Saalin draged Ava to a spot behind an overturned table, using his wand of Cure Light Wounds to revive the servant, her wounds closing in an instant.

Drue's song filled the half of the room not engulfed in a _Silence_ spell, as his mind worked to comprehend what they were truly up against. _This wan't good._

Oswin stepped into the room to face the free creature, but he didn't come close to hitting it.

Lord Alistair pulled a small rod from a pouch on his belt, and spoke with pure conviction at his attackers. "We are servants of the Silver Flame, fiend. Sworn to fight evil in alll of its forms. The Voice of the Flame is the voice of Justice." He said, and the two armed creatures recoilled from his voice, the unbound one visibly wounded by the catechism that Alistair spoke. (used a metamagic rod on a Castigate spell; one made his SR check, one made his save, one got the full blast)

Hariel stepped in, joining Oswin in bracketing the free creature, and unlike the paladin, she was successful. Indeed, the tiger-humanoid seemed shocked that her blade parted his defenses, and added another deep wound to the creature. Even so, that did not stop it from avoiding Dain's fists.

Not surprisingly, the creature focused on Hariel, but perhaps its injuries slowed it as she stepped out of the way of two slashes from its bastard sword -- and a bite. And then his fellows broke free.

"You must have a weapon with a point and infused with the power of Good to harm them easily." Kahlia said. "The unarmed rakshasa is certainly a sorcerer." (She is using the Dark Knowledge (tactics) ability of the Archivist class here, to give all of you a +2 unnamed bonus to hit rakshasas for the next minute; this stacks with Drue's Inspire Courage.)

(OOC: Hariel and Saalin have good-aligned piercing weapons on them. I think that's it.)


----------



## stonegod (Oct 26, 2005)

Saalin will drop his wand of _cure light_ (which, in hindsight, should be tethered to his robes) while drawing his raiper (move action); he will then cast _shield_ for +4 AC. All of this is behind the cover of the table.


----------



## wabinder (Oct 26, 2005)

Not having anything with a point to fight with except his daggers, Dain will continue using his fists and feet in unarmed combat.


----------



## Anax (Oct 26, 2005)

Hariel looks around for the most effective way to attack the sorcerer:

If she is very close, she nimbly disengages with her current opponent and adjusts position to make a devastating attack on the sorcerer.

Otherwise, if she can see any sort of higher ground to fight from near the sorcerer, she seizes on that opportunity, tumbling and leaping across the room to get the drop on the Rakshasa.  If she doesn’t notice any _silence_ effect along the way, she readies an action to attack the fiend if it tries to cast a spell.  But if she does notice a _silence_ effect, she immediately attacks, following Kahlia’s advice and avoiding any wasted slashing motion with her blade.
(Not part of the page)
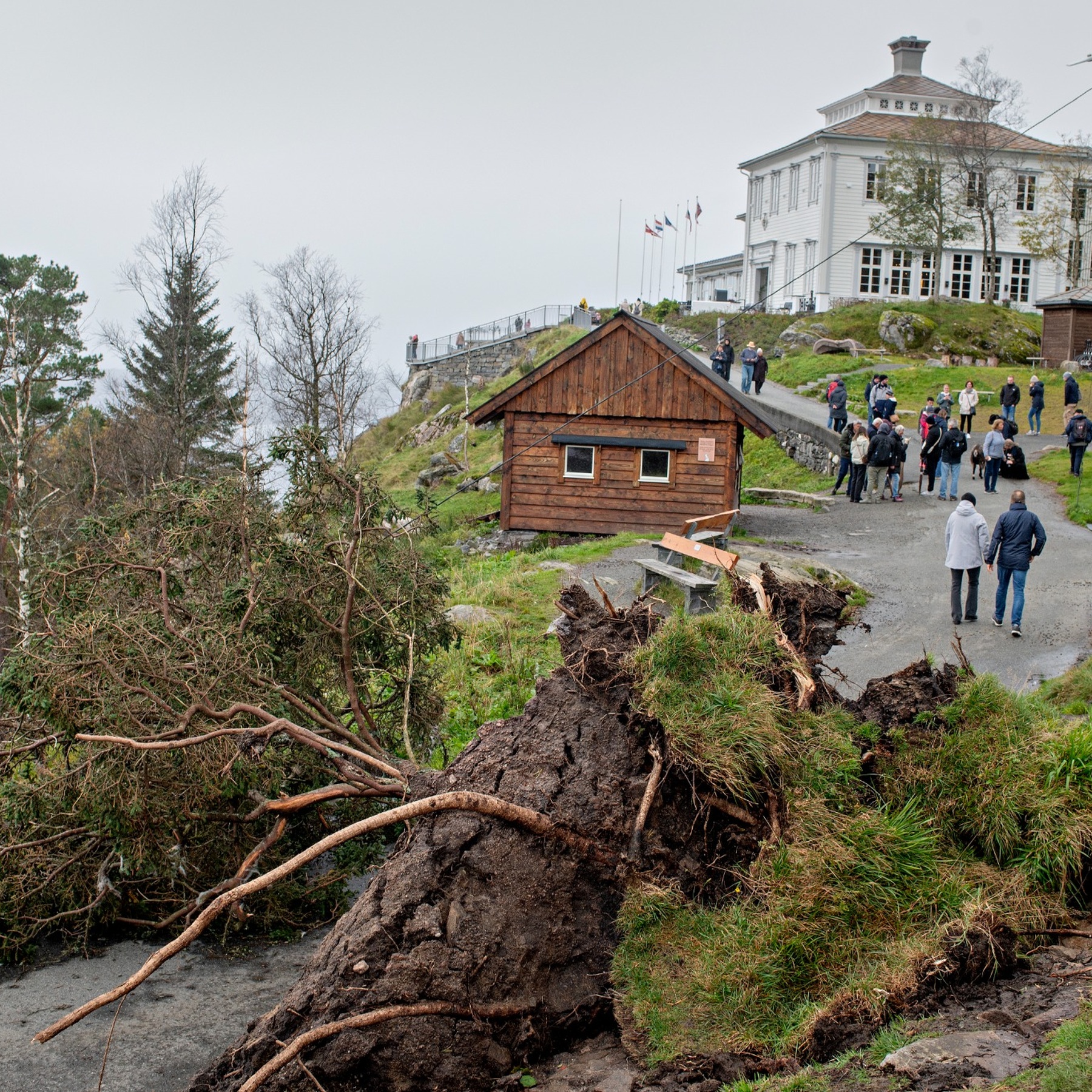 The Newsroom Superpower: Building a Breaking News Machine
If there’s no higher ground available, Hariel considers charging the creature in an attempt to startle it as much as possible.  She doesn’t neglect her defenses, however, and moves her blade nimbly from side to side to fend off any incoming blows.

If there is no other choice, Hariel moves towards the creature normally and acts as she would in the case of higher ground, albeit without the tactical advantage.
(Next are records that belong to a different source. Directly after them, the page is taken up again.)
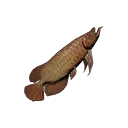 Symbol für Gegenstand "Kleiner Drachenfisch"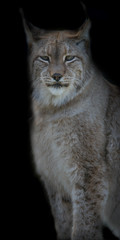 Lynx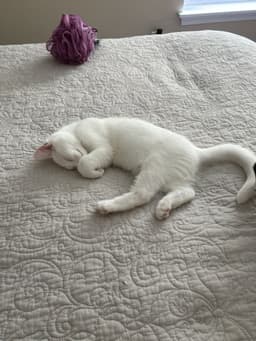 Sir Ilya Meowzanov image 3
[sblock=Mechanics]Case 0: Five foot step, full attack.  Not likely to be possible, but just in case.

Case 1: Find something, balance on it, acquire +1 bonus from high ground, profit!  With Hariel’s high Balance skill modifier, the range of available surfaces may even leaping nimbly onto the side or support of an overturned table, as long as it’s reasonably stable.  If necessary, although I don’t expect it, Hariel will use an action point to avoid mortal embarrassment.  After that, either attack or ready an attack against spellcasting.
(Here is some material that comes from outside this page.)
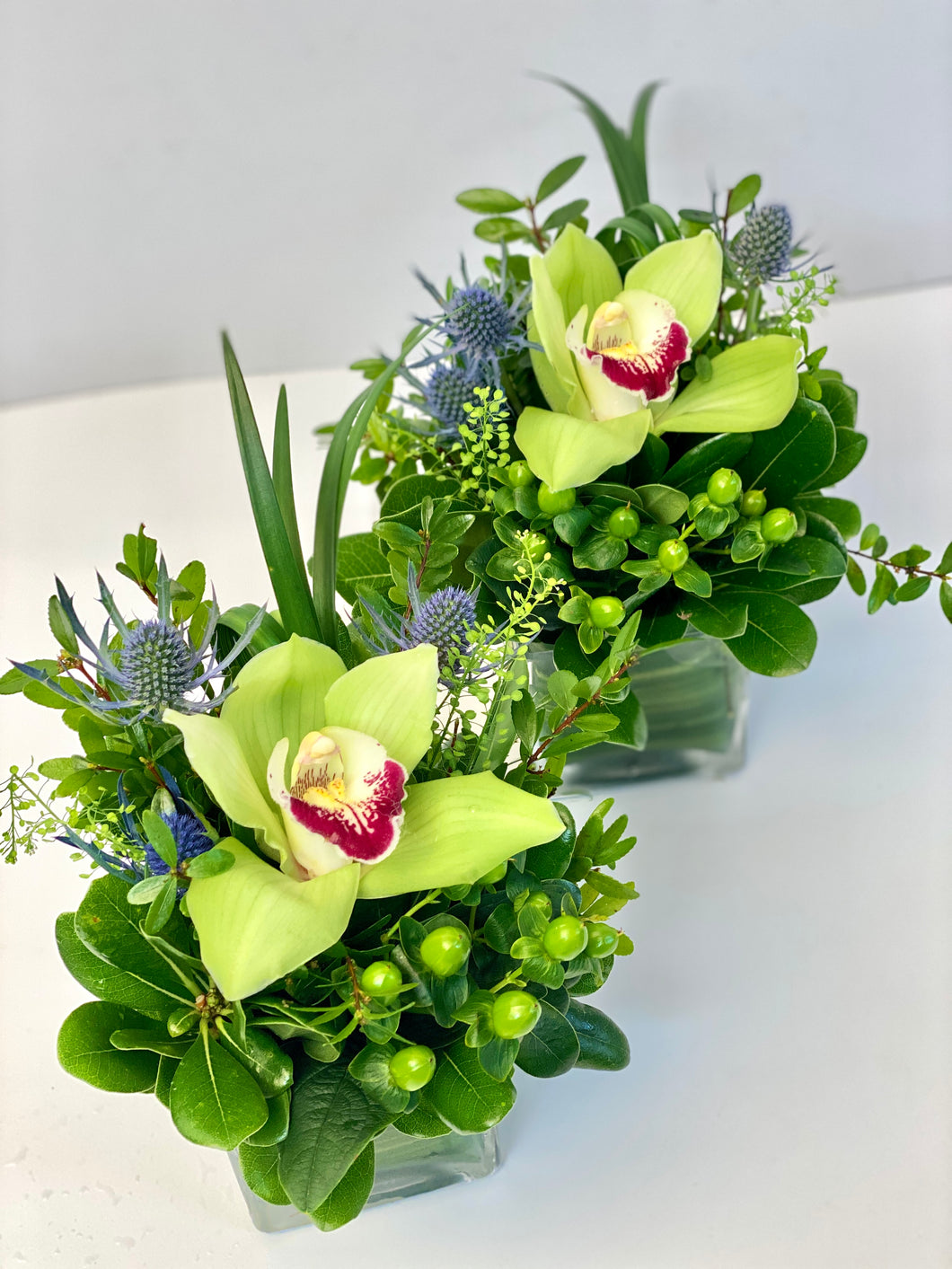 E56 - Cymbidium Orchids, price per arrangement, price per arrangement - Flowerplustoronto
Case 2: Charge, put two points into Combat Expertise, with a net result of +2 damage and no penalties.  Hariel isn’t even close to being able to do an Acrobatic Charge, so any obstacles or difficult terrain in her path will prevent this choice, as would being too close to the caster.

Case 3: Simple movement followed by either an attack or readying an attack against spellcasting.  Edit: Er, where simple movement includes tumbling at any point it’s appropriate.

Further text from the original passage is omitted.